Comparison with State-of-the-Art Methods
We compared our full MAFPN-based model against a range of popular one-stage and two-stage object detectors on the same solar panel defect dataset. The results are presented below.
| Model | Backbone | $AP_{50}$ (%) | $AP_{75}$ (%) | $AP_{50:95}$ (%) | Params (M) | FPS |
|---|---|---|---|---|---|---|
| YOLOv3-spp | Darknet-53 | 52.5 | 16.0 | 22.9 | 62.6 | 92 |
| Sparse R-CNN | R50-FPN | 53.7 | 29.6 | 30.8 | 105.95 | 41.3 |
| SSD | RN50 | 54.6 | 21.5 | 26.4 | 23.75 | 16 |
| YOLOvX | Darknet-53 | 66.9 | 25.9 | 33.7 | 8.94 | 89 |
| RetinaNet | R50-FPN | 67.6 | 30.3 | 34.8 | 32.24 | 40 |
| Cascade R-CNN | R101-FPN | 71.1 | 39.5 | 39.4 | 87.93 | 38.5 |
| YOLOv5s | CSPDarknet | 72.2 | – | 38.6 | 7.02 | 101 |
| Our Model (MAFPN) | R50-MAFPN | 76.2 | 39.7 | 41.3 | 49.63 | 26.6 |
Our method achieves the highest $AP_{50}$ and $AP_{50:95}$ among all compared models. It outperforms the efficient one-stage detector YOLOv5s by 4.0% in $AP_{50}$ and 2.7% in $AP_{50:95}$, and surpasses the powerful two-stage Cascade R-CNN (with a larger backbone) by 5.1% in $AP_{50}$ and 1.9% in $AP_{50:95}$. This demonstrates that the architectural innovations in MAFPN are highly effective for the specific challenges posed by infrared-based defect detection in solar panels, offering a better balance between accuracy and model complexity than simply using a larger network or a different detection paradigm.
Conclusion
In this work, we have addressed the critical and challenging problem of automatically detecting defects in solar panels from infrared aerial imagery. The primary obstacles—complex backgrounds, low contrast, and large variation in defect scale—were tackled through a novel neural network design. We proposed the Multi-scale Adaptive Fusion Feature Pyramid Network (MAFPN), which integrates a Feature Enhancement Module (FEM) and an Adaptive Feature Fusion Module (AFM). The FEM strengthens the feature maps by capturing multi-scale context and long-range dependencies, making the network more sensitive to the diverse signatures of faults in solar panels. The AFM refines the feature fusion process itself, using an attention mechanism to selectively emphasize informative channels and spatial regions while suppressing irrelevant background noise.
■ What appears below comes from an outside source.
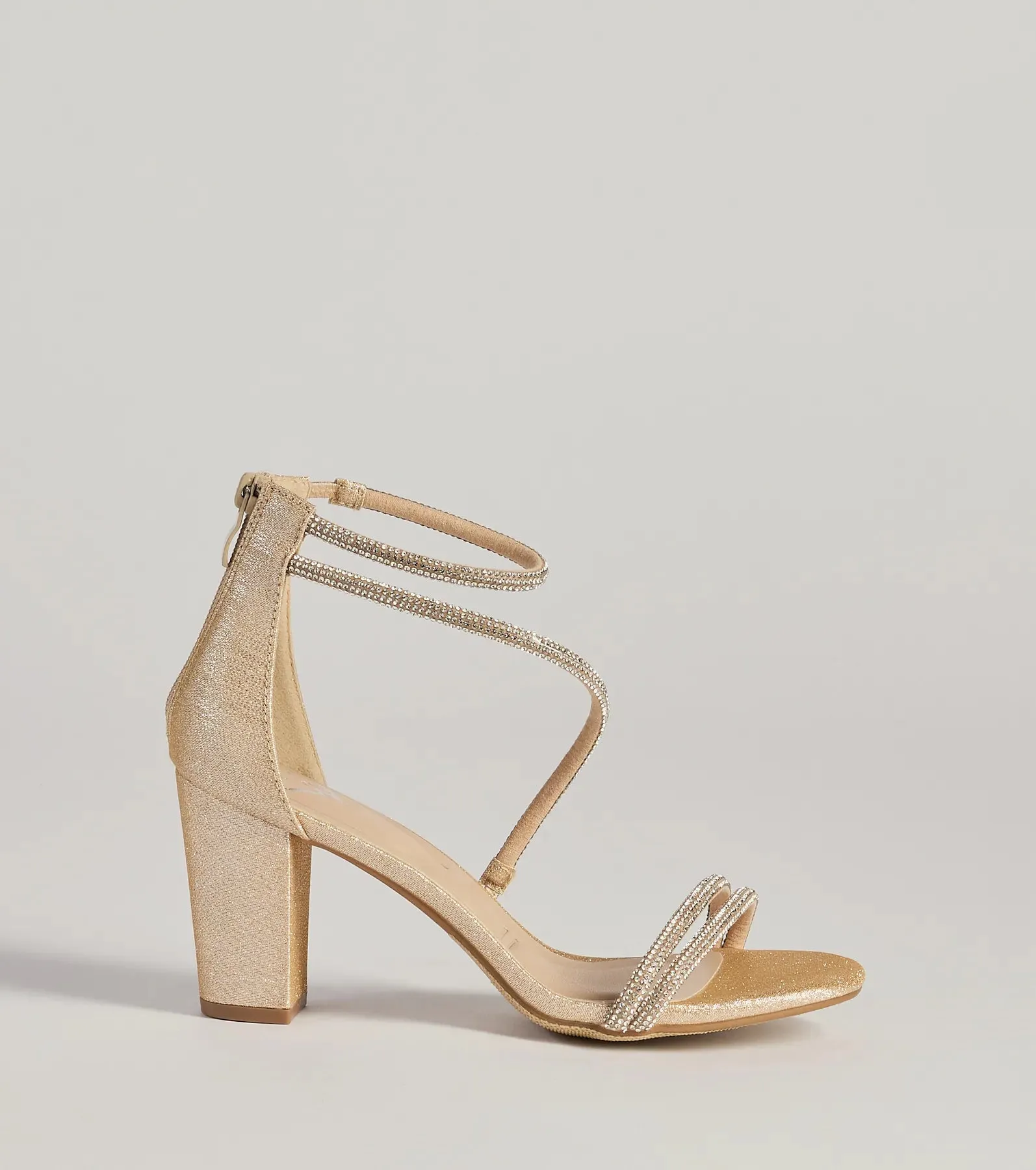 Step Into Glam Rhinestone Glitter Block Heels sold by Windsor product image thumbnail 2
Extensive experimental evaluations on a real-world dataset confirm the effectiveness of our approach. The ablation study proves the individual and combined value of the proposed modules, and the comparison with state-of-the-art detectors shows that our method achieves superior accuracy. While the model incurs a moderate increase in computational cost, the achieved gain in detection precision is significant for ensuring the reliability and safety of photovoltaic systems. This work provides a robust and effective solution for the automated inspection of solar panels, contributing to the maintenance and optimization of large-scale solar energy installations.